Diagnostic data were analyzed using 2 × 2 contingency tables. Sensitivity, specificity, positive predictive value (PPV), and negative predictive value (NPV) were calculated for each of the methods separately and in combination.
During the study period, a total of 2880 urine samples were submitted to the bacteriology laboratory for urine culture among which only 1400 showed significant microbial growth. As first ten consecutive urine samples daily were included in the study, only 618 samples from same number of patients were tested by microscopy.

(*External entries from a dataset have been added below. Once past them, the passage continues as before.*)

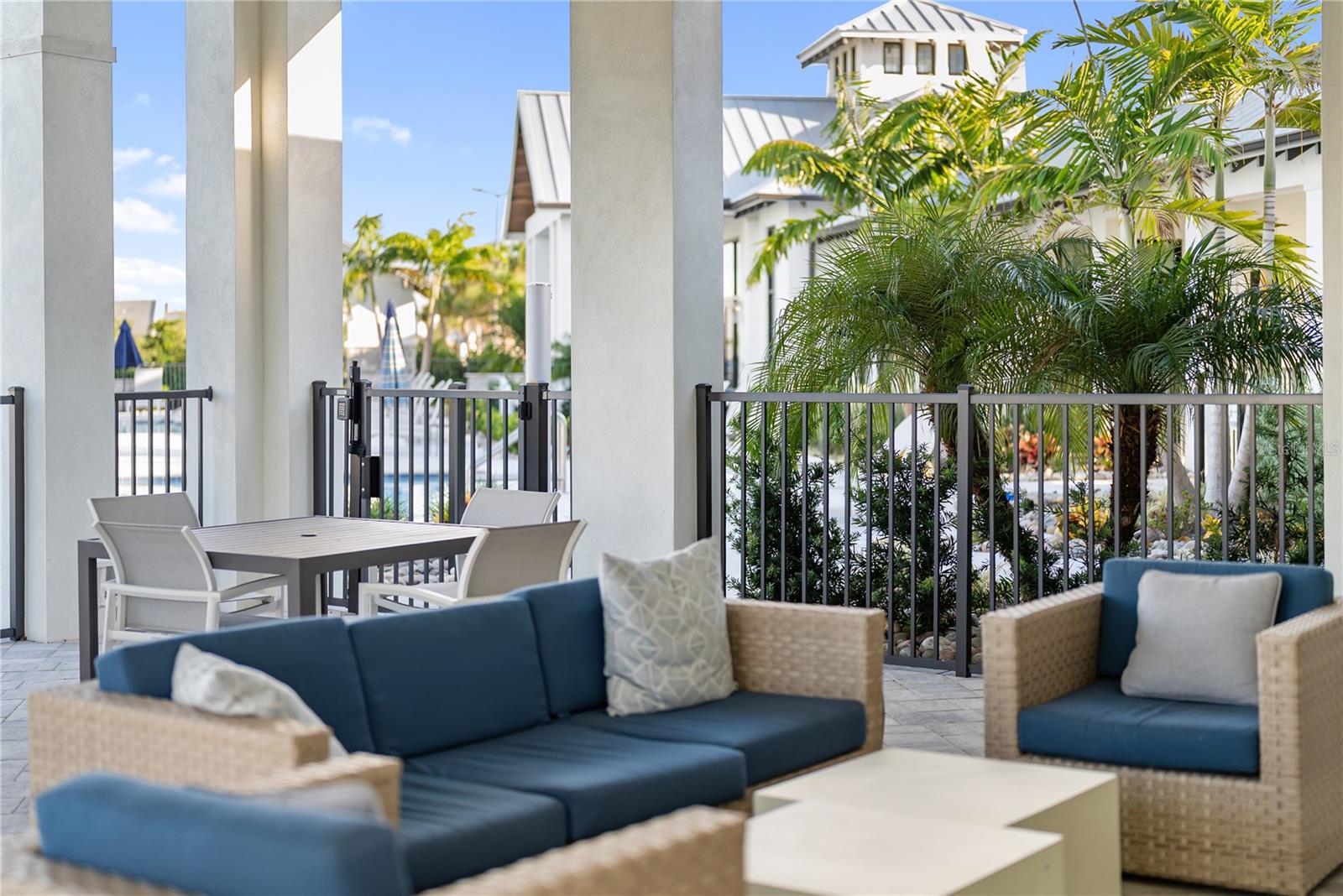 17510 SAVORY MIST CIR, BRADENTON, FL, 34211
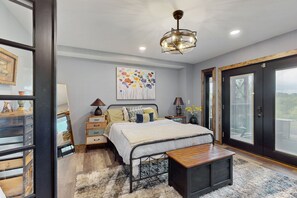 3 bedrooms, Internet, bed sheets - Unique home w/ping-pong, pool table and access to shared infinity pool & hot tub (Talking Rock)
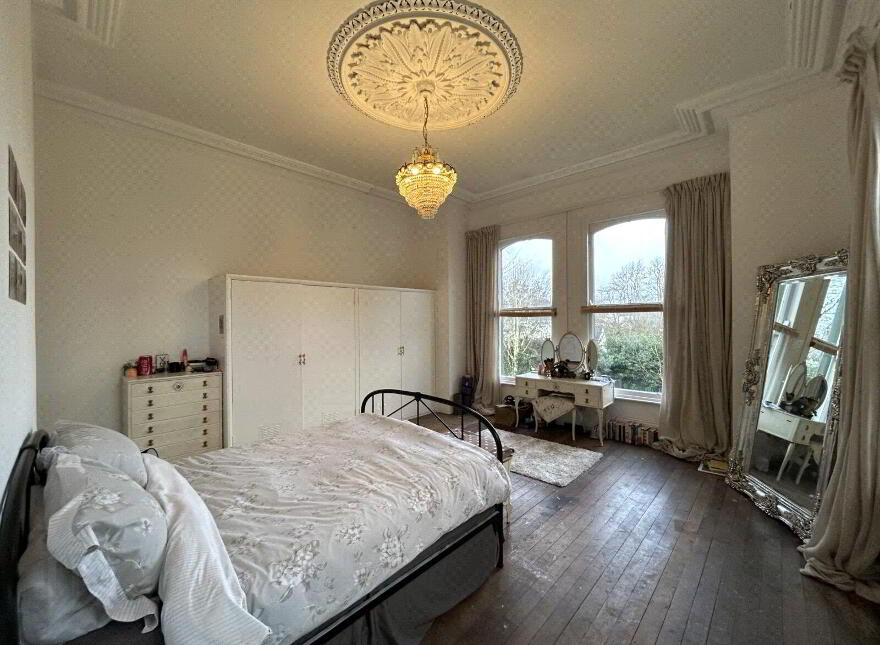 25 Notting Hill, Belfast, BT9 5NS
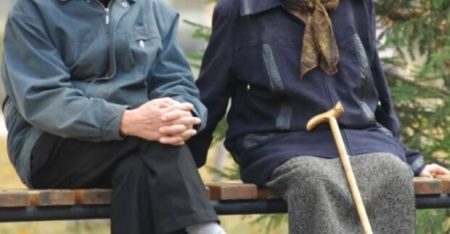 Пенсіонери схопляться за голови: ПФУ уріже виплати на третину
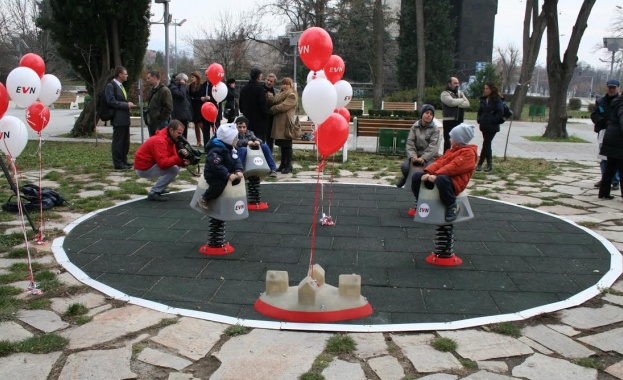 Кърджали се сдоби с „енергийна“ детска площадка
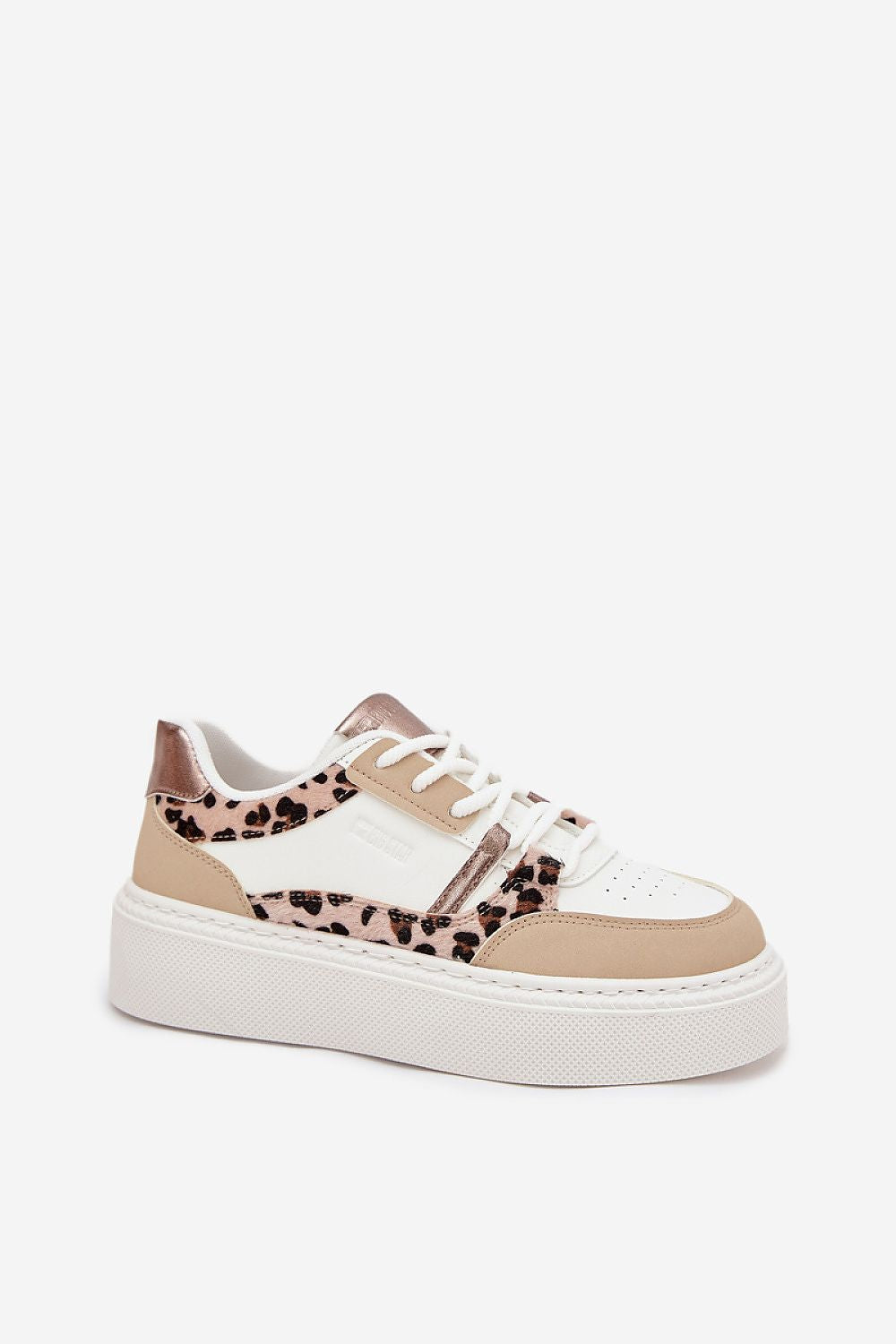  Sportliche Schuhe auf Plattform model 216469 Step in style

Among the 618 urine samples analyzed, 266 (43.04%) were from male patients and 352 (56.95%) from female patients. Out of 618 samples, 382 (61.81%) were midstream clean-catch samples, 210 (33.98%) were catheter samples and 26 (4.07%) were suprapubic aspirates. The samples from OPD (out patient department) were 230 (37.21%) and from wards were 388 (62.78%). Out of 618 patients, 317 were having significant medical history, commonest being Type 2 Diabetes mellitus (16.82%) followed by sepsis (9.70%), hypertension (7.28%), recurrent UTI (4.85%), acute pancreatitis (3.72%), chronic kidney disease (2.58%), pregnancy (1.29%) and others (5.05%). Out of 342 patients, who were on antibiotics at the time of collection, 102 were culture positive.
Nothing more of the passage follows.